Hernita menyampaikan “Sangat disayangkan pemberitaan tersebut, karena, sebagai pengelola PAUD yang membentuk karakter anak sejak dini adalah seorang penyebar berita bohong(Fitnah)” ucapkannya 3/02/2021 didepan ketua Persatuan Perwarta Indonesia PPWI kabupaten Kuantan Singingi.
“Mereka menuduh tanpa bukti baik itu tulisan, maupun lisan dari Dinas hanya melempar fitnah, yang katanya meminta jatah 5% dari dana BOP PAUD yang diselipkan dalam kegiatan parenting”tambahnya.
“Kepada Bunda yang menjadi sumber berita ini, kenapa harus bersembunyi tanpa menyebutkan inisialnya, ini tidak mencerminkan seorang guru, melainkan seorang pengecut yang tidak bertanggung jawab,” kata Hernita.
“Saya bisa tuntut anda dalam tuduhan ini…!
Parenting tertuang dalam permendikbud RI no.9 tahun 2021 tentang juknis pengelolaan dana BOP PAUD dan BOP kesetaraan yang dananya berasal dari dana DAK non fisik.” Jelasnya.
“Juknis th 2021 berbeda dengan juknis tahun2 sebelumnya maka kami tim BOP mendatangi di seluruh kecamatan mensosialisasikannya kami tdk ingin teman” membuat proposal tidak sesuai juknis. Semuanya itu kami lakukan sebelum pencairan danaBOP tahap 1, dilakukan pada bulan Juni 2021.” Jelasnya lagi.
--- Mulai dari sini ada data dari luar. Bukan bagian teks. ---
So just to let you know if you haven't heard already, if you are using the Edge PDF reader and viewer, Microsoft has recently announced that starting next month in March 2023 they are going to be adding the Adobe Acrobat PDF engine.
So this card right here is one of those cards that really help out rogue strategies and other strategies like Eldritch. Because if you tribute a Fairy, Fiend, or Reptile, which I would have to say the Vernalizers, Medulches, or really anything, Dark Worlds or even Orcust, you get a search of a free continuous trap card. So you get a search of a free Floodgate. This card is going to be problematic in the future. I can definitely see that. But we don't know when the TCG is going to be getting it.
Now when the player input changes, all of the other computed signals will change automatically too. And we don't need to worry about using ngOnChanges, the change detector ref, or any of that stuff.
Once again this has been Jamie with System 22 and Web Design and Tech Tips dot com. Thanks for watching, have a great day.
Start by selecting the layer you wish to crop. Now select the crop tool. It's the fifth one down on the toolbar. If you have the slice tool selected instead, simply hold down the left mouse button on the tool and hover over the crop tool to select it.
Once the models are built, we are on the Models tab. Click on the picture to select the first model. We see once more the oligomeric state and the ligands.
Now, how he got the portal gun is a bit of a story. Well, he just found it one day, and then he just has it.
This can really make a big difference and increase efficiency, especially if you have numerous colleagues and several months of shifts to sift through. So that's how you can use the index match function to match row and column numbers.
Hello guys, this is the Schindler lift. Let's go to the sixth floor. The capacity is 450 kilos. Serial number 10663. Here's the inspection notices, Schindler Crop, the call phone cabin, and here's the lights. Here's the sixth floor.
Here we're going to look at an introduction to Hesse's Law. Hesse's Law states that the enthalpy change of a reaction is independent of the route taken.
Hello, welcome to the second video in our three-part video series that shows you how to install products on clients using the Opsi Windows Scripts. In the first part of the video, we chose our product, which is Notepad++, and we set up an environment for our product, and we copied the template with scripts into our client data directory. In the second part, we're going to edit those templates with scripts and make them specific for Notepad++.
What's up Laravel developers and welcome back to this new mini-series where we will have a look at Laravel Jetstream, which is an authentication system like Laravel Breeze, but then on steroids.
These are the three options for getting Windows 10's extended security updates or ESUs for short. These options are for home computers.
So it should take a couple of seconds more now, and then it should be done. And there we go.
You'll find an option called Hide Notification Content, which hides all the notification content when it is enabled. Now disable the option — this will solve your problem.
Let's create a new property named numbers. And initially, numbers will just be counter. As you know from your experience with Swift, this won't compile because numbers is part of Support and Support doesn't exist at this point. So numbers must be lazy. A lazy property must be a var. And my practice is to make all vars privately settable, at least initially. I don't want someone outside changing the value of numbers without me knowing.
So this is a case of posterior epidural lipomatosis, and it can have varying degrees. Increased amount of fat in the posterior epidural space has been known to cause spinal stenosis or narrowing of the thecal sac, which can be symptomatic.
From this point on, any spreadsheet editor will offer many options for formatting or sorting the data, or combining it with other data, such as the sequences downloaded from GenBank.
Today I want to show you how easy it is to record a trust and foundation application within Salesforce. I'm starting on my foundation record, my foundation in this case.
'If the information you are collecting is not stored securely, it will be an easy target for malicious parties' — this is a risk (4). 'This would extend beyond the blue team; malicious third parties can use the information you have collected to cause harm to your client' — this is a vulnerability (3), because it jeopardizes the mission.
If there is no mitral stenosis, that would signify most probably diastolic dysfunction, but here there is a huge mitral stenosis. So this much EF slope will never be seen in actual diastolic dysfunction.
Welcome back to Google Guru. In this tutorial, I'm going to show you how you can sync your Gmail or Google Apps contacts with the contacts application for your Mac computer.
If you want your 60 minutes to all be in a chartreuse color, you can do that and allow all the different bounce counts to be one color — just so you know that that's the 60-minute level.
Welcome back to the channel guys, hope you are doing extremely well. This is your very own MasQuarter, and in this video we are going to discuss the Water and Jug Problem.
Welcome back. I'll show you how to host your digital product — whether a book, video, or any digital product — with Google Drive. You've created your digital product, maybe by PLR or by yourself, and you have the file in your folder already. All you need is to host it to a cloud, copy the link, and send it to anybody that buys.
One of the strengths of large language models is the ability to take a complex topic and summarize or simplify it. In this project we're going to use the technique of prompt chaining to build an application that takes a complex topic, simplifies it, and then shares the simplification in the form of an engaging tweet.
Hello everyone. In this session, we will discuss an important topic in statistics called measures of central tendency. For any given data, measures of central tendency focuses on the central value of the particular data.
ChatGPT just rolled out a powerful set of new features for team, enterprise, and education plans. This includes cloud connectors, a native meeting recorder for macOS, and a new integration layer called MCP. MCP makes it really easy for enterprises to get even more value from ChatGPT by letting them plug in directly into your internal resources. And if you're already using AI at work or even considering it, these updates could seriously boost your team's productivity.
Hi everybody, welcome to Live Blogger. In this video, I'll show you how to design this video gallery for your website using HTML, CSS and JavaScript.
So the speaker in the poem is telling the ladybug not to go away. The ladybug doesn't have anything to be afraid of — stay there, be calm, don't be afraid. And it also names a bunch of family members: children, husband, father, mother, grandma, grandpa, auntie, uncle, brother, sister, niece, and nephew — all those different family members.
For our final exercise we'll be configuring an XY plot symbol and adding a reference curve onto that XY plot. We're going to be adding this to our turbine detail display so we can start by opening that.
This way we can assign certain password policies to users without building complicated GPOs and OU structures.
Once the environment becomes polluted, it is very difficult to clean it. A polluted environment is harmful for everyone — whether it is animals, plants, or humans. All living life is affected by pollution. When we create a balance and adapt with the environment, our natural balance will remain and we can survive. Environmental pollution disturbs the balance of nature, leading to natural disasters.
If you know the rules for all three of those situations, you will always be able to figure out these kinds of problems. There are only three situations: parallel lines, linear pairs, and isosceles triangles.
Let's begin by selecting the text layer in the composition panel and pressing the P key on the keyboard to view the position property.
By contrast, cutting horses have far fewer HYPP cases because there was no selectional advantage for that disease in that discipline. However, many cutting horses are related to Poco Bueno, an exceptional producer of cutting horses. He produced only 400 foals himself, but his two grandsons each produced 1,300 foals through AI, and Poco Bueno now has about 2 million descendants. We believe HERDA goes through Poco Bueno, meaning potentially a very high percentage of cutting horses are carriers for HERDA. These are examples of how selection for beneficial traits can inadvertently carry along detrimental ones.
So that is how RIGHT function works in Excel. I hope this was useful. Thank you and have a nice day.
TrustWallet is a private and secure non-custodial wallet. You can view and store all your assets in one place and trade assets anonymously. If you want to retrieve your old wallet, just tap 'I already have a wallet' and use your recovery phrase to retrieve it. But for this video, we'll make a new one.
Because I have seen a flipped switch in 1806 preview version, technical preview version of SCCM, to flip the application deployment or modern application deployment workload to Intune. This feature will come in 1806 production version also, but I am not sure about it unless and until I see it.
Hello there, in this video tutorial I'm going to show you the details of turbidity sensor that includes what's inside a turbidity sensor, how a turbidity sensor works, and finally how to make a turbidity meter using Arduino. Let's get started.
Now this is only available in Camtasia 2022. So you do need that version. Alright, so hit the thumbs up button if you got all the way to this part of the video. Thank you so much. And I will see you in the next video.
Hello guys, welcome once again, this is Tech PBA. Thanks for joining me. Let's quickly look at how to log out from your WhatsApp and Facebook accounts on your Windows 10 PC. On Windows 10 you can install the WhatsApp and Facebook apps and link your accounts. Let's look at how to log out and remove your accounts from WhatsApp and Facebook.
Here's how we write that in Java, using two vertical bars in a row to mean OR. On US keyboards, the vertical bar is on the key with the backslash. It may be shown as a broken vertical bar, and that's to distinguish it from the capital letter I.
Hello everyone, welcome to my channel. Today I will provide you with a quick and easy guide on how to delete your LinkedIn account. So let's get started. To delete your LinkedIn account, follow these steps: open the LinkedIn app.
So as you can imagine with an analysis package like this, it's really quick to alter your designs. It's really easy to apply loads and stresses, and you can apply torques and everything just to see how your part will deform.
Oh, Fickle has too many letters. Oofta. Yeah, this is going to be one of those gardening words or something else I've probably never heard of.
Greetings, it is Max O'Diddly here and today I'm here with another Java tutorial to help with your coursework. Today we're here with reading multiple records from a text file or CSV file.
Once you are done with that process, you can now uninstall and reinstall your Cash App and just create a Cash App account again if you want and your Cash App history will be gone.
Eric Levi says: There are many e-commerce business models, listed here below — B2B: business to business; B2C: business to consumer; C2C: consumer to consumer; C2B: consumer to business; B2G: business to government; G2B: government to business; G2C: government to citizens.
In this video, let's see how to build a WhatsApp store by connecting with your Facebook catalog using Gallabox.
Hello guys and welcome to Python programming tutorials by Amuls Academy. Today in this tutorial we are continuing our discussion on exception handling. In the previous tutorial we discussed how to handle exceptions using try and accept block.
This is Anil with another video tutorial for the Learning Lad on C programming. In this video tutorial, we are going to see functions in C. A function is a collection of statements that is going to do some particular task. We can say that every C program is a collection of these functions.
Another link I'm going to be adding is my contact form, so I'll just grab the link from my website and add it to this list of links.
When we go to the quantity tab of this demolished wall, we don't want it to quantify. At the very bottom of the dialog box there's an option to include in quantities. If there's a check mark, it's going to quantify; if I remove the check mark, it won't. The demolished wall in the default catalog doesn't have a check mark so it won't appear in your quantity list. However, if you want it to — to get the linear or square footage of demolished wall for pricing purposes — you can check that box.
“Nah, Pencairan dana dilakukan 2 tahap dengan besaran Rp300.000/siswa setiap tahap
Dana lansung dicairkan darI RKUD ke Rek. Lembaga. Pada sosialisasi kami menyarankan untuk parenting agar dianggarkan min.5%, itupun bagi yg mau.
Mereka harus menggunakan anggaran sesuai dg proposal yg mereka buat dan tidak ada campur tangan kami lagi dalam hal ini. “terangnya
“Kami hanya bisa melihat kegiatan parenting yang mereka lakukan, ada kami yang diundang dan ada yang hanya mengirimkan foto kegiatannya.” Cetusnya kepada media.
“Bagaimana kami bisa meminta dana parenting yg kegiatannya mereka yang lakukan, yang benar sajalah tuduhannya bunda, jangan jangan bunda bunda yang menjadi sumber berita ini hanya membuat SPJ fiktif,” ujanya.
“Carilah cara yang rasional, lampirkan bukti, jangan asal tuduh dan jangan mencemarkan nama baik seseorang karena semua itu bisa berbalik.” Jelasnya lagi.
“Allah maha mendengar, maha melihat dan maha mengetahui,
Aneh, kami menyarankan bulan Juni 2021 sebelum pencairan BOP tahap 1, dan pada tahap 2 kami tdk menyarankan apapun dan mereka semua sudah terima dana BOP tahap 2. beritanya kok sekarang ( akhir Januari 2022).”tambahnya.
“Kemudian seperti yang di beritakan menurut keterangan Narasumber yang mengatakan kaki tangan dari dinas, Saya tidak punya seseorang sebagai tangan kanan, semuanya merupakan tangan kanan saya, baik ketua himpaudi, ketua IGTK, pengelola/kepalaTK dan pendidik se kabupaten Kuantan Singingi,”tutup
HERNITA mengakhiri konferensi persnya.
Sumber berita:
Ketua DPC PPWI Kuansing, Anasrul Mardiansyah.